Researchers from Japan found that post-stroke patients re-grow a healthy microbiota in their mouth and gut when they revert to normal food intake from tube feeding.
These results emphasise the need to actively normalise feeding in these patients, not only to minimise the risks of tube feeding, but also because oral feeding significantly alters the microbiome of both the mouth and the gut, potentially with beneficial consequences for overall health.
In a study published in Frontiers in Cellular and Infection Microbiology, researchers from Tokyo Medical and Dental University (TMDU) have shown the importance of normal feeding for establishing and maintaining appropriate bacteria in the mouth and the gut.
Our bodies are symbiotic units of human cells and microorganisms.

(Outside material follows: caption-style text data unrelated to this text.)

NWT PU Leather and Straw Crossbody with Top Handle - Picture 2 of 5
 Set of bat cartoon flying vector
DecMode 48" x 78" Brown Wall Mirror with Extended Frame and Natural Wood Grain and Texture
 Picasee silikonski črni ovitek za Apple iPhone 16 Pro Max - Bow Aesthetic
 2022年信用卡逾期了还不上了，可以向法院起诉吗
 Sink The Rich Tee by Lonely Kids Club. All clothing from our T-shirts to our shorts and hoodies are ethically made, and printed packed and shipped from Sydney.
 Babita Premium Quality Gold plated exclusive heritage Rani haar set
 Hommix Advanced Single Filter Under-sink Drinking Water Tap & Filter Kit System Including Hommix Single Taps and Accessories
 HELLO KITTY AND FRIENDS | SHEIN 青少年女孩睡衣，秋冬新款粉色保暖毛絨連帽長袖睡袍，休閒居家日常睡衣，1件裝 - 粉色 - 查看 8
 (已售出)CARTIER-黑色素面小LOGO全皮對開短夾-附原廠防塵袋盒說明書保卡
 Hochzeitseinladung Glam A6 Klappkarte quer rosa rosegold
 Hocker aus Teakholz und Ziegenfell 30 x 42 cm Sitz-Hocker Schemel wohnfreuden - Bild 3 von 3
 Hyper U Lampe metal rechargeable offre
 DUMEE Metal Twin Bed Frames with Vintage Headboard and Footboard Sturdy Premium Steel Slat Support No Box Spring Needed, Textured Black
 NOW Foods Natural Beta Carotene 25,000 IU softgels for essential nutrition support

Far from being deleterious, this microbiota is now recognised as a vital modulator of functions such as digestion, mood, sleep and response to drugs, as well as susceptibility to diabetes, autism, obesity and cancer.
Patients convalescing from stroke often have dysphagia, and need to be fed via a tube to bypass the mouth.
“We hypothesised that resuming oral food intake could modify the composition of oral and gut microbial communities in tube-fed patients,” senior author Haruka Tohara said.
“To test this, we compared oral and gut microbiome profiles before and after the resumption of oral food intake in eight post-stroke patients recovering from enteral nutrition.”
The researchers were surprised to find that re-initiation of oral food intake dramatically altered and diversified both oral and gut microbiomes.
Though very different in composition, both showed an increase of the family Carnobacteriaceae and genus Granulicatella suggesting that orally ingested bacteria may directly modulate the gut community thus affecting systemic health. Although oral microbiota alteration was more significant than that in the gut, metagenome prediction showed more differentially enriched pathways in the gut, especially those related to fatty acid metabolism.